It is common to think that the 'middle class' of the Information Age will be small, highly educated and technically oriented.  This preception is what leads to much of the anxiety over a high, persistant unemployment.  This is a misapprehension resulting from the mistake of imagining the future to be 'like today only more so'.

While both the Owner/Operator and Middle Class will contain some scientists and technologists, most of the Middle class will create and manage design and brand value-added.

These jobs will not be lost to automation because the one thing computers can't do is be human and we humans want humans doing these jobs.  For example, we are willing to pay more for perfume by Taylor Swift or Beyonce than a perfume of equal quality without the endorsement.  Essentially, the simple process of a celebrity selecting one fragrance among several as their favorite adds substantial value to it.  This is a essentially human activity that cannot be automated; perfume by R2D2 or shoes by HAL simply will not command designer prices.

Today, only a small percent of consumers have suffcient financial resources to routinely purchase high design and brand content products.  However, when median household income reaches mid six figure 2015USD most people will be able to afford designer products.  All evidence indicates that they will buy them.  In other words, while the 600,000 2015USD income household of the Information Age will not be exactly like the 600,000 2015USD income household of today, over time their purchasing patterns will likely be similar. 

For example, the typical family spends 7% of their income on clothes.  For the average $60,000 per year family that is $4,200.  Clearly dad is not going to work in $3,000 Armani suits nor is mom wearing $3,000 St.
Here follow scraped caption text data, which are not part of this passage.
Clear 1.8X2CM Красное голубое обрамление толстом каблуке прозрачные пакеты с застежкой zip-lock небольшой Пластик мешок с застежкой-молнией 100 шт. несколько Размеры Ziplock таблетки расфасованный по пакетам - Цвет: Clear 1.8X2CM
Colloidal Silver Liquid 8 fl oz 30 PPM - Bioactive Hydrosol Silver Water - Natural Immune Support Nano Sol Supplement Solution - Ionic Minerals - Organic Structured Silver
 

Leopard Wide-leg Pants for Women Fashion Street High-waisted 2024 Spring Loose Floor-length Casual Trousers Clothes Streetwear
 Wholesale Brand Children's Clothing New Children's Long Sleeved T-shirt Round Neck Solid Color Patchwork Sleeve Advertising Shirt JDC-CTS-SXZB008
John ensembles.  The $300 Men's Warehouse and Limited outfits that most dads and moms currently buy have relatively low design and brand components while Armani and St.John are dominated by these price components.  

As incomes increase 10X or more, clothing budgets will grow large enough to accommodate high design and brand value purchases.  For several reasons product category sales may actually increase by somewhat more that 10X.  However, the important point is that the clothes that are currently being purchased by most families may have no more than a 2%-3%, design and brand value component.  The designer clothes that will come to be the norm typically have a 20% to 30% design and brand value component.  Consequently, while budgets may increase 10X, the design and brand component will likely increase 100X.

According to the U.S. Bureau of Labor Statistics there are 22,300 fashion designers in the U.S. This could easily increase to 1,000,000.  The design process will likely rely heavily upon A.I. design assistance, but fashion designers will still make the final decisions and their names will be on the labels.


Second, many product categories that currently have very little design component will routinely be custom designed in the future.  3D printing, while not as cost effective as extrusion and injection fabrication meyhods in large runs, is much less expensive in short runs.  When combined with advanced robotics and advances in material science nearly all durable goods will become custom designed.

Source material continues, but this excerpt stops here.